## PROVIDED MATERIAL

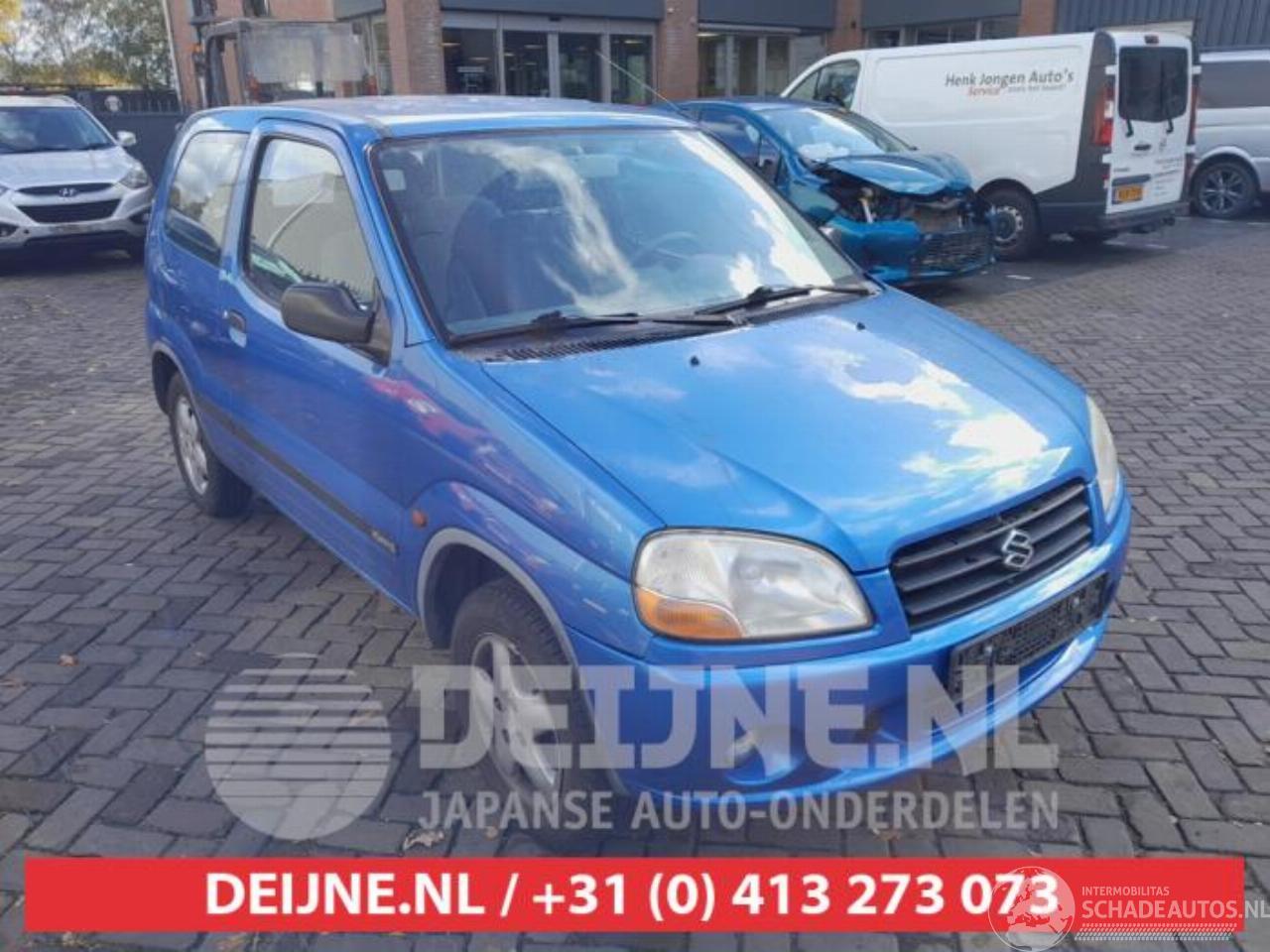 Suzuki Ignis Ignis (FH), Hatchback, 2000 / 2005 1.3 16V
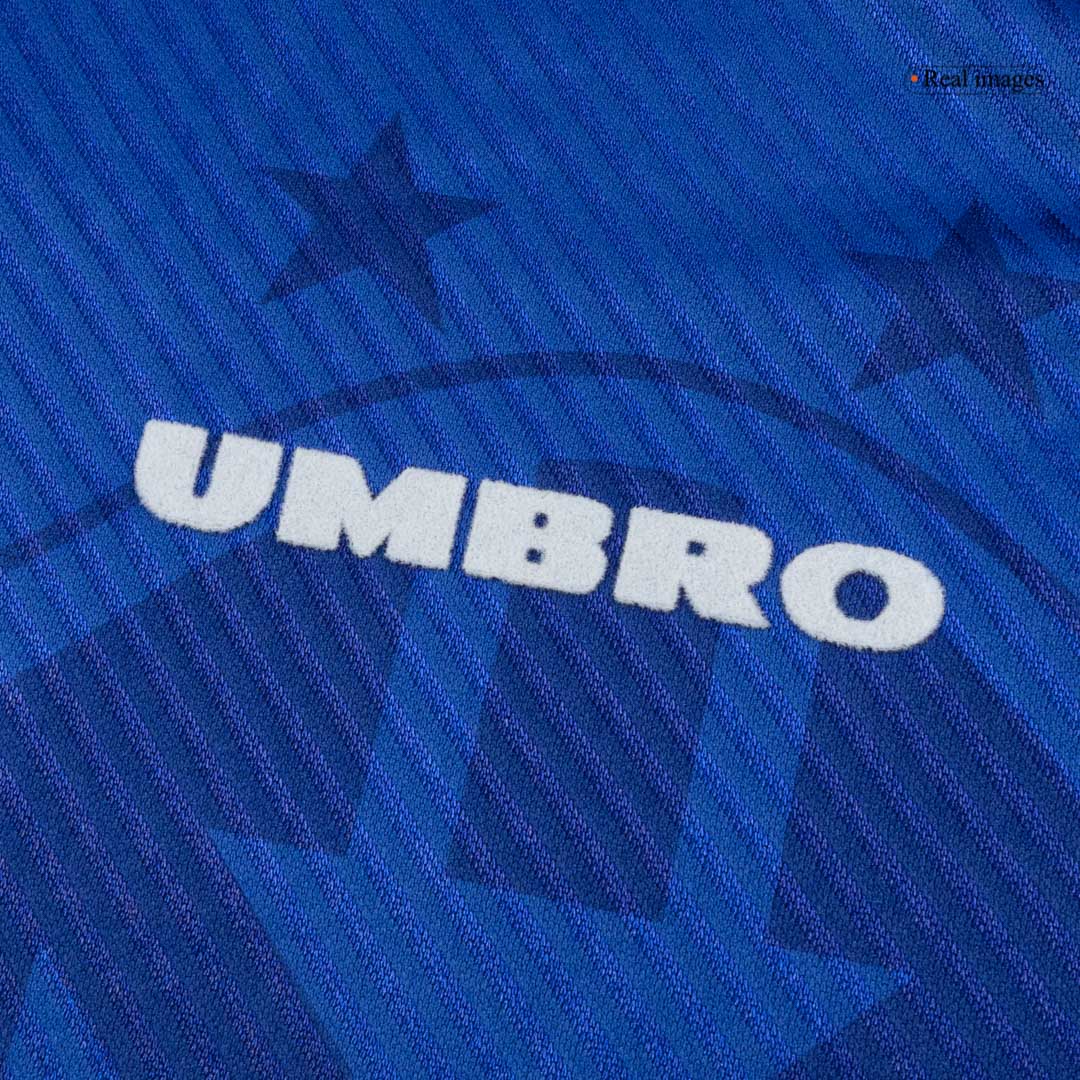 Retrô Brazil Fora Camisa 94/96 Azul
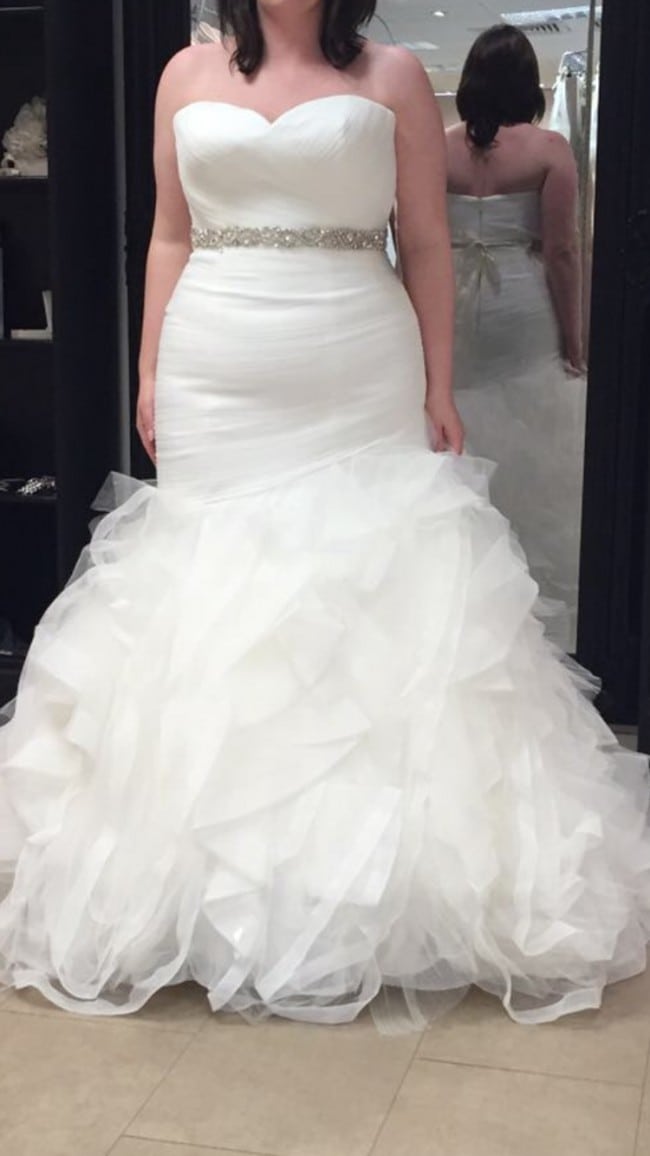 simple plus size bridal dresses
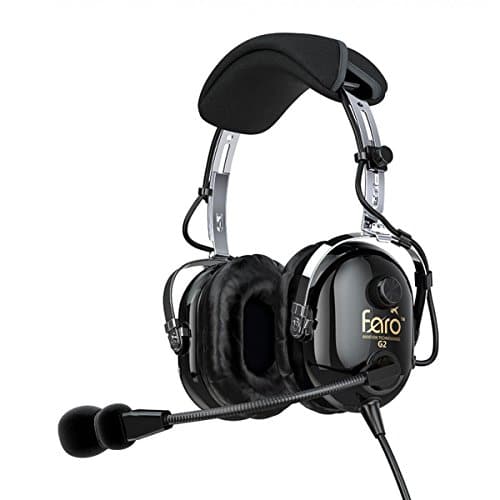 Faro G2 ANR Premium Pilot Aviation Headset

## PROBLEM TO WORK ON
An exact copy is needed of the lines running from the one containing "Retrô Brazil Fora Camisa 94/96 Azul" through the last line of the material, and of no others; pictures stay out.

## YOUR RESPONSE
 Retrô Brazil Fora Camisa 94/96 Azul
 simple plus size bridal dresses
 Faro G2 ANR Premium Pilot Aviation Headset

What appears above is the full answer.